Kay replied that he and co-lead author Tamao Saito, PhD., a scientist on sabbatical in his lab, had also focused on these unusual type III PKS genes following the recently completed final assembly and annotation of the entire Dictyostelium genome, which was carried out by a worldwide collaboration of many scientists, including the Kay group.
|Microbial filaments and green slime on a rock. |
Credit: Diana Northrup
Working independently, Saito and Kay had deleted the Dictyostelium gene for Steely2. Not only could the resulting "deficient" slime molds not make DIF-1 but they couldn’t construct the rescue tower, which was exactly the biological corroboration that the Noel lab wanted to hear. The two labs pooled data and now publish their work as one, very complete story while continuing to collaborate on the chemical diversity found in this fascinating organism that crawls around on the forest floor.
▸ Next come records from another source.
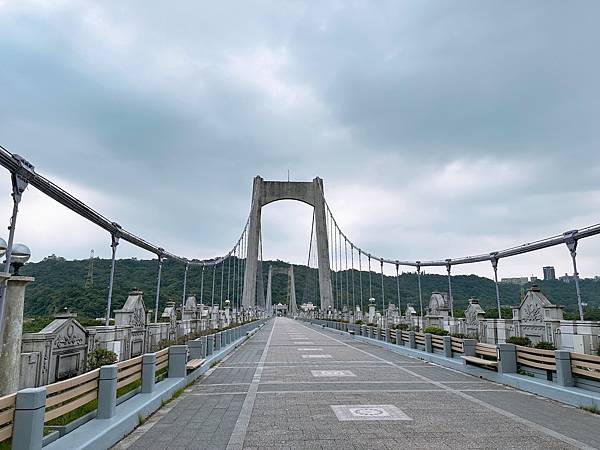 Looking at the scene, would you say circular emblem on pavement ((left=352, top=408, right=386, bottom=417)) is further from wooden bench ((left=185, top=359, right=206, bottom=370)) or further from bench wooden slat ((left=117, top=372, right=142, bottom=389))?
wooden bench ((left=185, top=359, right=206, bottom=370))

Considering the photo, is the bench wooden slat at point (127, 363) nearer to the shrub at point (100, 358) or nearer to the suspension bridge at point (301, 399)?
the suspension bridge at point (301, 399)

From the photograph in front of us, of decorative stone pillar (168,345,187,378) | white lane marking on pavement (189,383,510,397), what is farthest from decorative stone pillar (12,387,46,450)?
decorative stone pillar (168,345,187,378)

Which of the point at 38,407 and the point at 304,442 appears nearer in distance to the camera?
the point at 38,407

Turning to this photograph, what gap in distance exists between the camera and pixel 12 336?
5.48 metres

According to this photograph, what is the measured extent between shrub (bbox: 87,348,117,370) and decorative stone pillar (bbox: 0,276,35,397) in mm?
2277

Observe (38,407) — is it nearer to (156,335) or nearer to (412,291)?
(156,335)

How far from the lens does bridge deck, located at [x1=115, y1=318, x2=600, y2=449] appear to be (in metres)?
5.33

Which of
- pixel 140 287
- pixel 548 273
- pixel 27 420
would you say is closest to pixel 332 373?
pixel 27 420

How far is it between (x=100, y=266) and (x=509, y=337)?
24.8 meters

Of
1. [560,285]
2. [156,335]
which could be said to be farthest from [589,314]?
[156,335]

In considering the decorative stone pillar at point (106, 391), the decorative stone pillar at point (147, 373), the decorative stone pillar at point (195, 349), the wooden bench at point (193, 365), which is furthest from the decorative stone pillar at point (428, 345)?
the decorative stone pillar at point (106, 391)

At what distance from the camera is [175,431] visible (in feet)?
19.2

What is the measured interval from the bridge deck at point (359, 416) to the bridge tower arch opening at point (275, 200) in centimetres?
4430

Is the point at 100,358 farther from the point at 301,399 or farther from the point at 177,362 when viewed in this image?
the point at 301,399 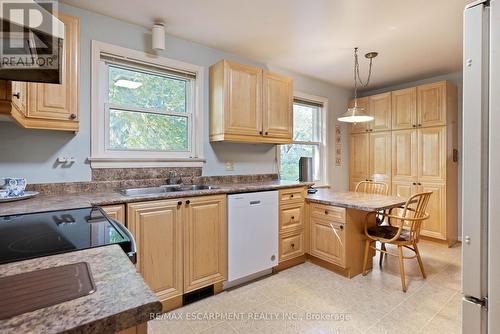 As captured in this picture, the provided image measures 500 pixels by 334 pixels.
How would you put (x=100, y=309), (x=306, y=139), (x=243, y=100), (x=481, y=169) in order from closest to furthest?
(x=100, y=309), (x=481, y=169), (x=243, y=100), (x=306, y=139)

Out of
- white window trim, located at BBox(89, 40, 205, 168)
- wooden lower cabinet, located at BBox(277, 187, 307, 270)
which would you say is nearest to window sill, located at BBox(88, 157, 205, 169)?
white window trim, located at BBox(89, 40, 205, 168)

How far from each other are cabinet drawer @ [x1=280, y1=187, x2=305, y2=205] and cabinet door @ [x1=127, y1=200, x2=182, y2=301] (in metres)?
1.13

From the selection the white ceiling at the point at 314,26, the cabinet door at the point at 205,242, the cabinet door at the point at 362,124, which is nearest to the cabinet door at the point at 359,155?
the cabinet door at the point at 362,124

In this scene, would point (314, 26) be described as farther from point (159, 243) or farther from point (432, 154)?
point (432, 154)

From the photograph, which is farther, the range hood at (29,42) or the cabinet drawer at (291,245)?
the cabinet drawer at (291,245)

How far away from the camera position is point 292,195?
9.03 feet

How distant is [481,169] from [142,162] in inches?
94.7

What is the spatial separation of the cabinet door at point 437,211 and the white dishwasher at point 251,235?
2498 millimetres

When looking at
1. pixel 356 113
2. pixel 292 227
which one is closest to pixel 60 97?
pixel 292 227

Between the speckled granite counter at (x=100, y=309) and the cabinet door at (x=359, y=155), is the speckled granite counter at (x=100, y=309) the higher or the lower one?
the lower one

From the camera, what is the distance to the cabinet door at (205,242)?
2070 mm

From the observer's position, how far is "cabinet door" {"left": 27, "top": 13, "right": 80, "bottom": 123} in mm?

Says Noel, who is a professor in the Jack H. Skirball Center for Chemical Biology and Proteomics at Salk, "This is a wonderful example of where egos get pushed aside about who did what and instead, as a scientific community, groups come together to address a fundamental question in biology. In the process, we collectively discovered an efficient chemical factory in Dicytostelium cells that informs us about how to modify similar systems used in other organisms to produce important medicines from nature."
For Noel the problem is to understand biocomplexity at a level traditionally ignored – the plethora of natural chemicals found throughout nature. Organisms use chemicals as a means of interacting with their surroundings and mankind has exploited this fact to discover the vast majority of pharmaceuticals used to treat disease today.
"The major fundamental question in our case is why do organisms make chemicals, what role do these molecules play in nature and how does the cellular machinery used to make them evolve over millions of years to provide new ways for the host organisms to survive and prosper. Understanding the diversity of natural chemicals and the machinery that produces them gives us a window to look back in time and understand how organisms evolve at the molecular level."